(Collection entries)
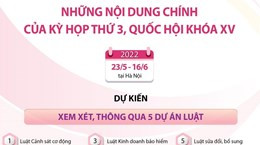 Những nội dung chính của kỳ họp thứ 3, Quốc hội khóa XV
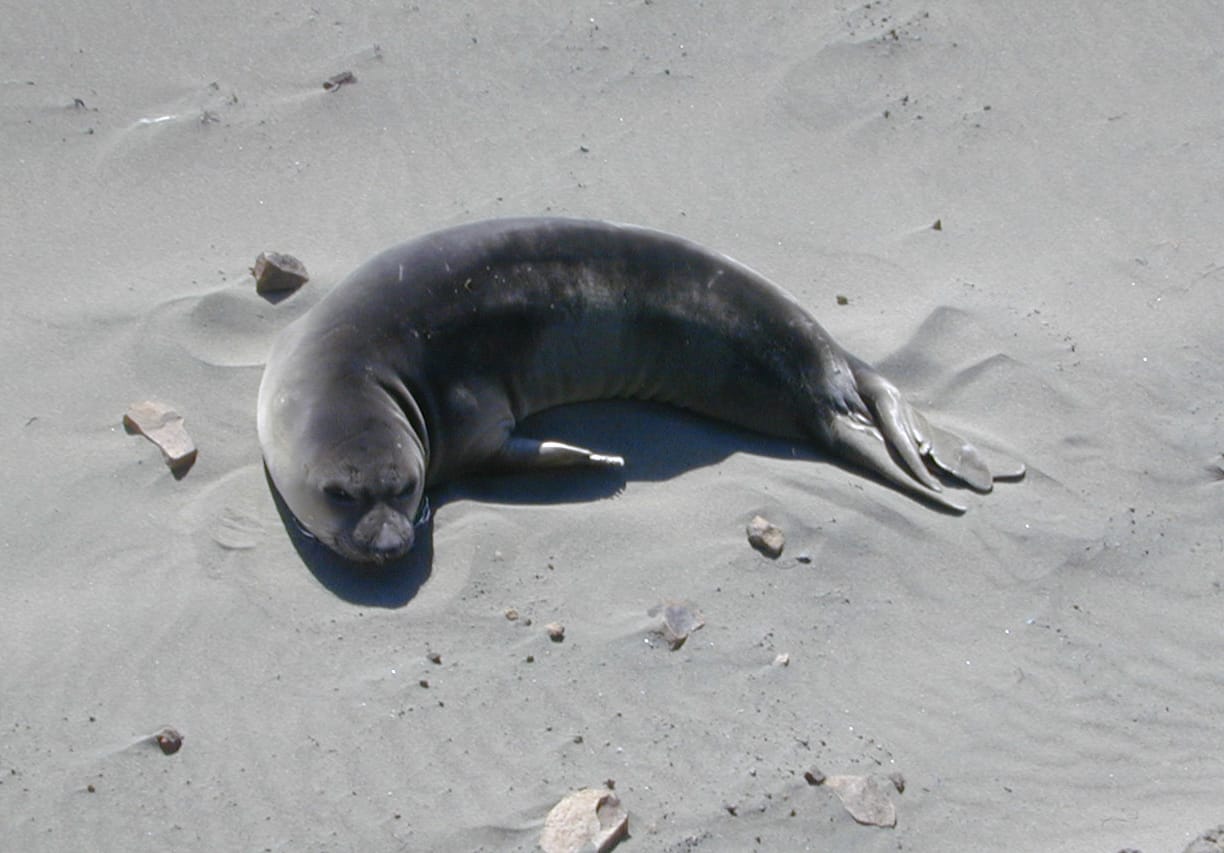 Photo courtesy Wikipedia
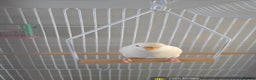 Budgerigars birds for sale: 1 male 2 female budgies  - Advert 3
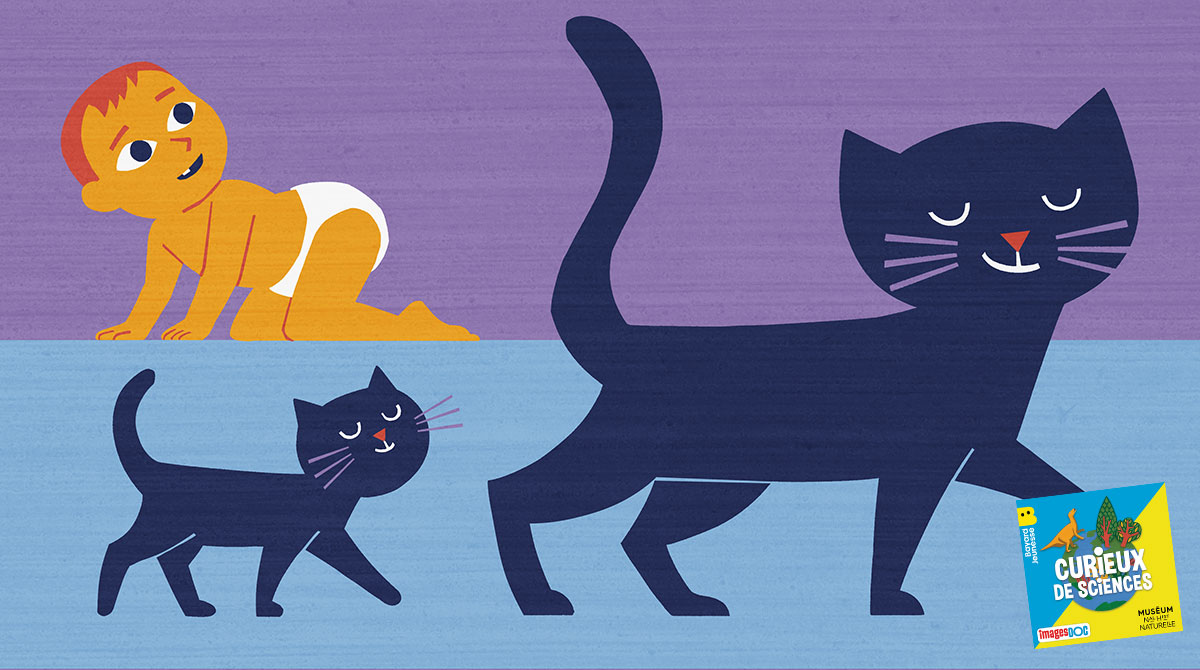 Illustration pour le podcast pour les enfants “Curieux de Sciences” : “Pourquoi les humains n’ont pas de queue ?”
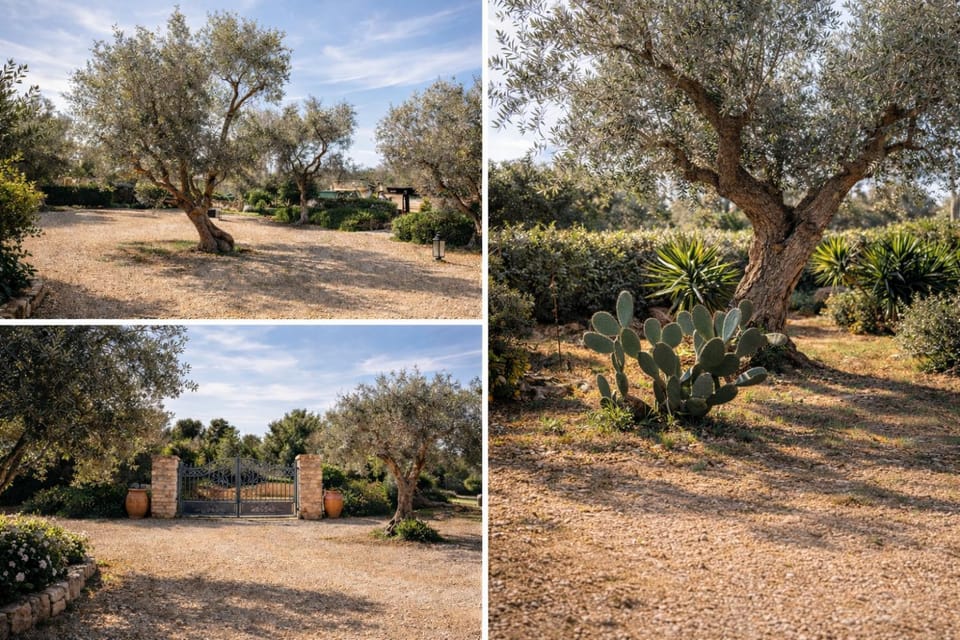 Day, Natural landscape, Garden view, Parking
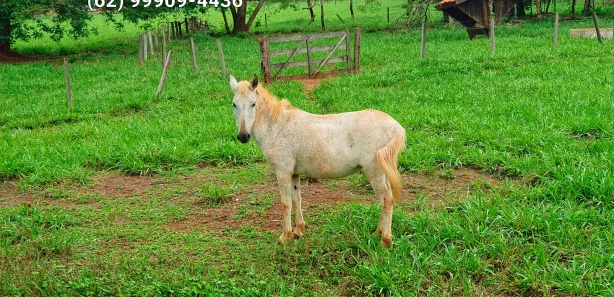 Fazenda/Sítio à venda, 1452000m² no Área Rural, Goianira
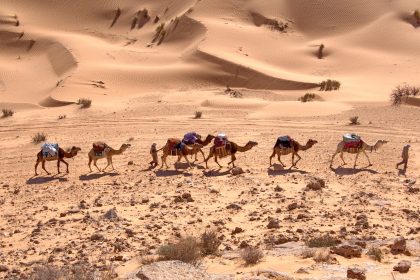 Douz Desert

### Requirement:
Leaving the pictures aside, repeat the data above exactly.

### Finished task:
 Những nội dung chính của kỳ họp thứ 3, Quốc hội khóa XV
 Photo courtesy Wikipedia
 Budgerigars birds for sale: 1 male 2 female budgies  - Advert 3
 Illustration pour le podcast pour les enfants “Curieux de Sciences” : “Pourquoi les humains n’ont pas de queue ?”
 Day, Natural landscape, Garden view, Parking
 Fazenda/Sítio à venda, 1452000m² no Área Rural, Goianira
 Douz Desert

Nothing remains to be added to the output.